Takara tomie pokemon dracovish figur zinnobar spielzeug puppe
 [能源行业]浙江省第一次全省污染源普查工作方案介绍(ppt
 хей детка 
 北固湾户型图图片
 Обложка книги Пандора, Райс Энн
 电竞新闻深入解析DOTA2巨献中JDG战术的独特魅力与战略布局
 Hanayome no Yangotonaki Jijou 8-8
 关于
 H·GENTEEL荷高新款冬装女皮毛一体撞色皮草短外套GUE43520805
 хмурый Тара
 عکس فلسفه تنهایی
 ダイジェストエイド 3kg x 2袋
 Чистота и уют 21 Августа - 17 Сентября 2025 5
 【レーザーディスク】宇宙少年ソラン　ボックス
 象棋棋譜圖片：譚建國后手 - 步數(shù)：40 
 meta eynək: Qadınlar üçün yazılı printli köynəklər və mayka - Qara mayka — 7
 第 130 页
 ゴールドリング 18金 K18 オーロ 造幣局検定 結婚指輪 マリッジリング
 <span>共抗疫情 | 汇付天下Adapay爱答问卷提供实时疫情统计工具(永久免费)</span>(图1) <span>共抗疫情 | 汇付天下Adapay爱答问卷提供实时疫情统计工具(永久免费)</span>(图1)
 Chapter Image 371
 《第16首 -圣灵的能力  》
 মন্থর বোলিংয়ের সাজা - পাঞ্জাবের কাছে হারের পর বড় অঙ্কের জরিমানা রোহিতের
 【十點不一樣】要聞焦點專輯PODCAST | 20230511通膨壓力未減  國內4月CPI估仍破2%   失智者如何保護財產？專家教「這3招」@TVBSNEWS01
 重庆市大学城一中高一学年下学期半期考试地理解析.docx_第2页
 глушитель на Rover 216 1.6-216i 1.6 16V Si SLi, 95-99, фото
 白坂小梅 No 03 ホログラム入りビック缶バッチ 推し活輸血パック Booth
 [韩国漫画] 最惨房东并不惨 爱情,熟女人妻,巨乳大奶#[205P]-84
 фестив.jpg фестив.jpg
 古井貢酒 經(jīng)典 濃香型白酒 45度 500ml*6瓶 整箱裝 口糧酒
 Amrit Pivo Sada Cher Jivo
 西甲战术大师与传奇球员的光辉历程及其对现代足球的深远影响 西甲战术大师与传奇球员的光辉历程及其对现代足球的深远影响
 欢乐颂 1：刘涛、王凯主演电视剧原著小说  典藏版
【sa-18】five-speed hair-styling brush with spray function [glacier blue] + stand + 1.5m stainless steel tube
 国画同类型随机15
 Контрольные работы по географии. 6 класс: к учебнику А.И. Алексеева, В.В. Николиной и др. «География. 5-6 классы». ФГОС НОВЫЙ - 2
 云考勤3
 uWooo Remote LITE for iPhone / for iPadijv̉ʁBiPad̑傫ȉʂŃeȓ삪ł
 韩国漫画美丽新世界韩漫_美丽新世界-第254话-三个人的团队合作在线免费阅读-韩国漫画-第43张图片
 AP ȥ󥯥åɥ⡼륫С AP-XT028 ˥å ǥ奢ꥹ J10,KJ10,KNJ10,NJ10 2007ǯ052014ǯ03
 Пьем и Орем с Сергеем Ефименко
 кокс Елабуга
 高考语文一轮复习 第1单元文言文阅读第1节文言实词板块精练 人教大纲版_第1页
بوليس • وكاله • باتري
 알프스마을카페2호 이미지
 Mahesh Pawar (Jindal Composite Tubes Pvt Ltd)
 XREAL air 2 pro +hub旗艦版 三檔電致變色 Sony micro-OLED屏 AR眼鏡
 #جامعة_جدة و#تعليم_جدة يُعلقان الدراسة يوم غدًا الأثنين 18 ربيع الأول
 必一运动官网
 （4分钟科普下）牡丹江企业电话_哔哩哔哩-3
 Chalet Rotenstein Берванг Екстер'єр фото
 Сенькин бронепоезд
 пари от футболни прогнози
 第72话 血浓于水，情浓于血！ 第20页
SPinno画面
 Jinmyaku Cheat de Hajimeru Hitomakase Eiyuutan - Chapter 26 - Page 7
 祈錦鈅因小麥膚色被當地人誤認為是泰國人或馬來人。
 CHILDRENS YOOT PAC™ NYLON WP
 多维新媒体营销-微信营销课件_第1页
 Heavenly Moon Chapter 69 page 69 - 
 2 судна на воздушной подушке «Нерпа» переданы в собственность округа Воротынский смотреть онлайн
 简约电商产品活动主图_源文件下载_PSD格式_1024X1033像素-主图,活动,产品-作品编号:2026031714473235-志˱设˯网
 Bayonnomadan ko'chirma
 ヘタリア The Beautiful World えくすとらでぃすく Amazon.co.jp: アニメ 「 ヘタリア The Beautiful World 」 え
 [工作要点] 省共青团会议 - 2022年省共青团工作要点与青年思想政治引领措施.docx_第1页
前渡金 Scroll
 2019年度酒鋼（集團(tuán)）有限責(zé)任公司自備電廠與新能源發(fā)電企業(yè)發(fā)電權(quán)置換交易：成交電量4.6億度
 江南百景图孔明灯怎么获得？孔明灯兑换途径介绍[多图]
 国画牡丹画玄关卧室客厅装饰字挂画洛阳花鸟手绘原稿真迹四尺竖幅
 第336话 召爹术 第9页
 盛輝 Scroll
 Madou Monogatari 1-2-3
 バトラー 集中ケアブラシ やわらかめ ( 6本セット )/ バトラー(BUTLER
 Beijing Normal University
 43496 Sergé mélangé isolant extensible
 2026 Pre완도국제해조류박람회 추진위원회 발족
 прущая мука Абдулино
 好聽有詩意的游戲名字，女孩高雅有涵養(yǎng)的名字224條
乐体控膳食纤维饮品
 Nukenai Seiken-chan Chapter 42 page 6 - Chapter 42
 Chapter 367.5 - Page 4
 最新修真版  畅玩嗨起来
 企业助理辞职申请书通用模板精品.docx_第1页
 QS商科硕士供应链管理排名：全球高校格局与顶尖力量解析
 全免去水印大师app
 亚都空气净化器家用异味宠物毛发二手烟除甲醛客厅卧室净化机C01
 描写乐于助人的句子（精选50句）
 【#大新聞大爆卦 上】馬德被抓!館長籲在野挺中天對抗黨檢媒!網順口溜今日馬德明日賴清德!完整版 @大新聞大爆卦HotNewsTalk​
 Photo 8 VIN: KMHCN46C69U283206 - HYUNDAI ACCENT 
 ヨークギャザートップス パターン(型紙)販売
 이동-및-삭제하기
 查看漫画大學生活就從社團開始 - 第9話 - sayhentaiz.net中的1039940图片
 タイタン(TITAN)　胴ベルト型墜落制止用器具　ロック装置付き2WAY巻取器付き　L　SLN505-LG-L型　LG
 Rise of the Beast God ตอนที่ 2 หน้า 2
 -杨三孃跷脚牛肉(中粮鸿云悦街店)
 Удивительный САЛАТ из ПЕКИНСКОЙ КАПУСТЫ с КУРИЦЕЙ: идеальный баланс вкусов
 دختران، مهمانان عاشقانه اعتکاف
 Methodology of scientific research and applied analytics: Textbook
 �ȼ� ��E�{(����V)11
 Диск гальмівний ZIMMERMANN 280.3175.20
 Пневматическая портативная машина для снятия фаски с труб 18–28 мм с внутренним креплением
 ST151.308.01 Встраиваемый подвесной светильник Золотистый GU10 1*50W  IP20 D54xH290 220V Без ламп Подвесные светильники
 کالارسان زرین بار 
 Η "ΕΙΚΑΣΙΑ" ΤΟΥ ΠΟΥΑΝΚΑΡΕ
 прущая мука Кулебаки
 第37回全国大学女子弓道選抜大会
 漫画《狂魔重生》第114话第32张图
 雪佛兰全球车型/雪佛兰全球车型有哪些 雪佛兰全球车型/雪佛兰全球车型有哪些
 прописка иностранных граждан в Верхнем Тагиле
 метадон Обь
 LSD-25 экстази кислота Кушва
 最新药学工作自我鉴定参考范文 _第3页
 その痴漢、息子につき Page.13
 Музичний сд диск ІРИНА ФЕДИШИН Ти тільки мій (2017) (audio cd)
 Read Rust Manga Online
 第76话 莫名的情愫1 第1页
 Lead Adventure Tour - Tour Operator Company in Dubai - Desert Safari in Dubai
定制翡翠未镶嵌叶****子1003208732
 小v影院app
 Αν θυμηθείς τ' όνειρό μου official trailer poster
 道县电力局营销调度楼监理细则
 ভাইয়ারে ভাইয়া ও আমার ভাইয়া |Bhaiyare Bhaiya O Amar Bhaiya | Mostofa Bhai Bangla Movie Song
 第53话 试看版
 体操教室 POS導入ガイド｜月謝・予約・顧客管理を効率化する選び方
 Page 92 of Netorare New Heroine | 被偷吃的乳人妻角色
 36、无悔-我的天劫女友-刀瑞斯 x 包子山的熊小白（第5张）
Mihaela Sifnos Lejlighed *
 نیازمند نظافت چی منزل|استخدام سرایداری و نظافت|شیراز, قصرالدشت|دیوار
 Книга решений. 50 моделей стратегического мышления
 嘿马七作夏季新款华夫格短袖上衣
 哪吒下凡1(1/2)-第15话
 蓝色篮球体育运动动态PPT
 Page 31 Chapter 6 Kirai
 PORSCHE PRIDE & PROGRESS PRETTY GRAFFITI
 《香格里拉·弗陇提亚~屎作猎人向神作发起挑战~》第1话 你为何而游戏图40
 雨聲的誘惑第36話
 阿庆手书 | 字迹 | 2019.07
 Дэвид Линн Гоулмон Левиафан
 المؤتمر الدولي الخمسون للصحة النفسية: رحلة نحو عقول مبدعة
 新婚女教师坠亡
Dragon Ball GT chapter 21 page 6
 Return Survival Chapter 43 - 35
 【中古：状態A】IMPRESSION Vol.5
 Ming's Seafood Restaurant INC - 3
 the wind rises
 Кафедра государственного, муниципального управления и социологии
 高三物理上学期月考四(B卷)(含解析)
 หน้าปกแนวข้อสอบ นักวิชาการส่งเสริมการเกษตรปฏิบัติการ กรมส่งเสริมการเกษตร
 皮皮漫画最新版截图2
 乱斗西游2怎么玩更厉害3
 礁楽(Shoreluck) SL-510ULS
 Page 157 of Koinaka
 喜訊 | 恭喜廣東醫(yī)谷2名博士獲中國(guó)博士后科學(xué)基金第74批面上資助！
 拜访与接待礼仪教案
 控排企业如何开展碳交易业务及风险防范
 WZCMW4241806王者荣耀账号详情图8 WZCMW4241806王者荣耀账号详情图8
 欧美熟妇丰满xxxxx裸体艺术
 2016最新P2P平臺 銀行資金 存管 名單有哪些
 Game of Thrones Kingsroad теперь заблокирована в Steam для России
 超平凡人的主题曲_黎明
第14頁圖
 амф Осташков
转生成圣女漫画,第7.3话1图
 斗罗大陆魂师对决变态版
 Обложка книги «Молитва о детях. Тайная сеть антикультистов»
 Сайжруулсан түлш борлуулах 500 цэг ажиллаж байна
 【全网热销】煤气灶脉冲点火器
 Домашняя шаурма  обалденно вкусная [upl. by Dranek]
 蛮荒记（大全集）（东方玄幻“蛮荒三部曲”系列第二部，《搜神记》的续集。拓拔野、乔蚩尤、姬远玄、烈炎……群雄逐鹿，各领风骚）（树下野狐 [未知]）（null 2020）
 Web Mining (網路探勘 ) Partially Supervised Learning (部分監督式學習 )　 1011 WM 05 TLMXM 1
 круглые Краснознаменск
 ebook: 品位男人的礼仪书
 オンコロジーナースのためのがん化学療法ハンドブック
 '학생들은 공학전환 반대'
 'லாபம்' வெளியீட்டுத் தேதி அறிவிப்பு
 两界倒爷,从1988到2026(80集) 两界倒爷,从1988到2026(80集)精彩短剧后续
* * *
## Your objective
Across the whole listing, show each line where the word "прущая" occurs.

## Worked solution
 прущая мука Абдулино
 прущая мука Кулебаки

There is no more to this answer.